Task requirements: Once the line with "The North Face" is found, write it out along with each later line exactly, through the end of the entries, skipping every picture.

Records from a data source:

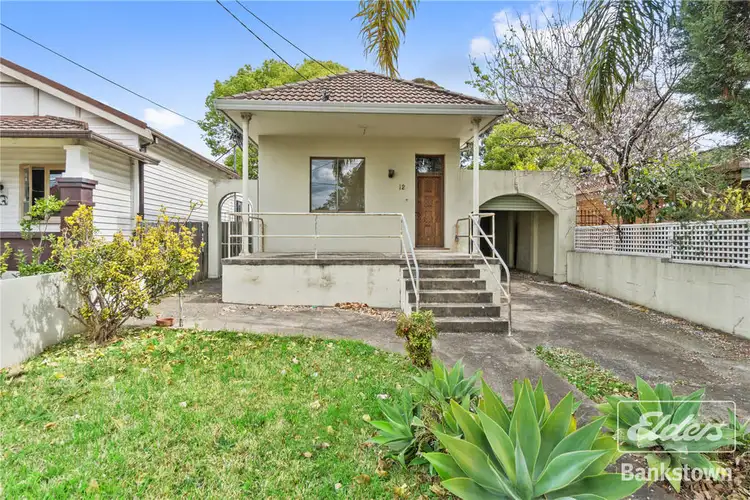 12 Defoe Street, Wiley Park NSW 2195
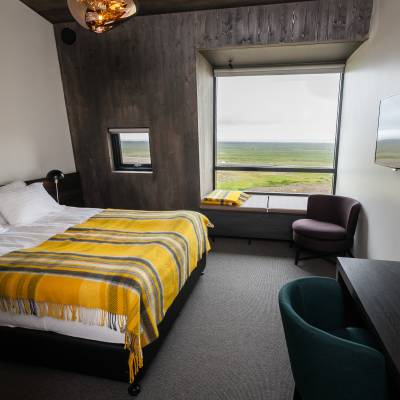 Glacier Lagoon Fosshotel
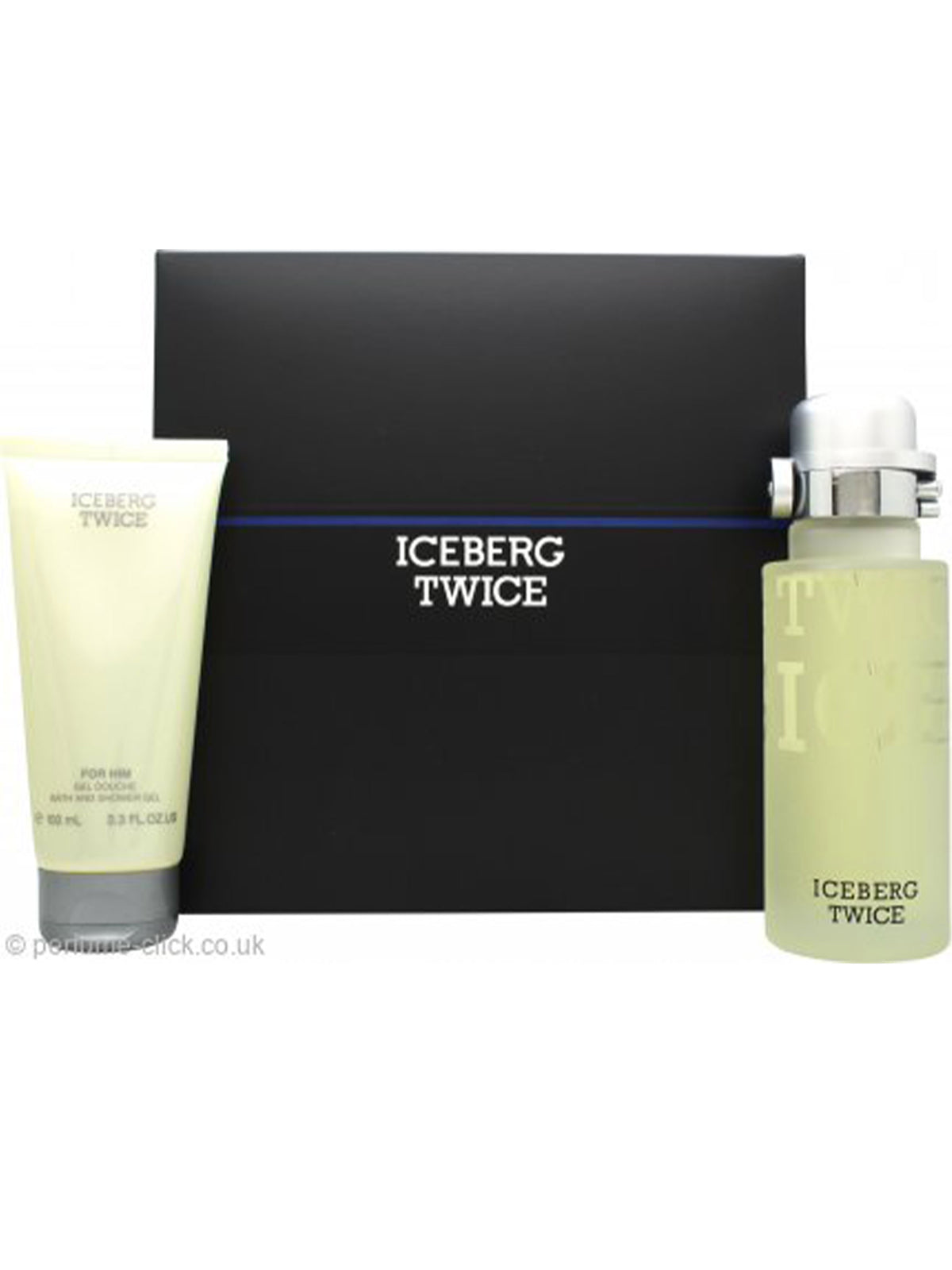 Men's Fragrance - iceberg Twice Gift Set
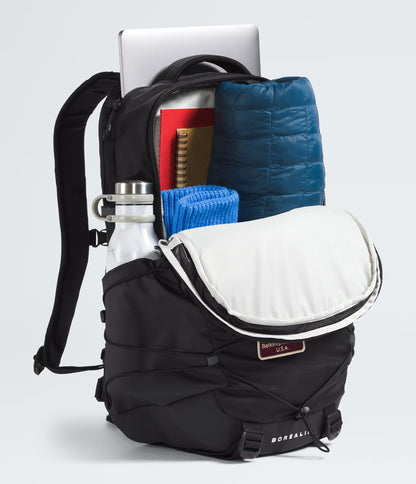 The North Face Borealis Backpack - TNF Black Patch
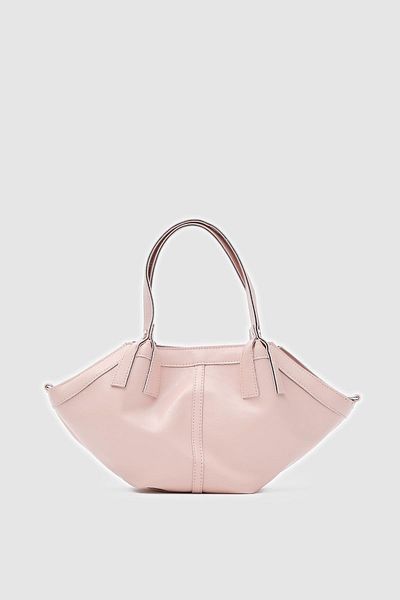 Shule Bags Τσάντα χειρός και χιαστί Bomin Pink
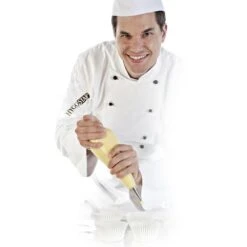 PAPSTAR 100 Spritzbeutel 0,4 L 30,5 Cm X 16,2 Cm Transparent -Papstar aac5fdc1 ec18 4d70 8742 ae3a13a56521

Answer below:
 The North Face Borealis Backpack - TNF Black Patch
 Shule Bags Τσάντα χειρός και χιαστί Bomin Pink
 PAPSTAR 100 Spritzbeutel 0,4 L 30,5 Cm X 16,2 Cm Transparent -Papstar aac5fdc1 ec18 4d70 8742 ae3a13a56521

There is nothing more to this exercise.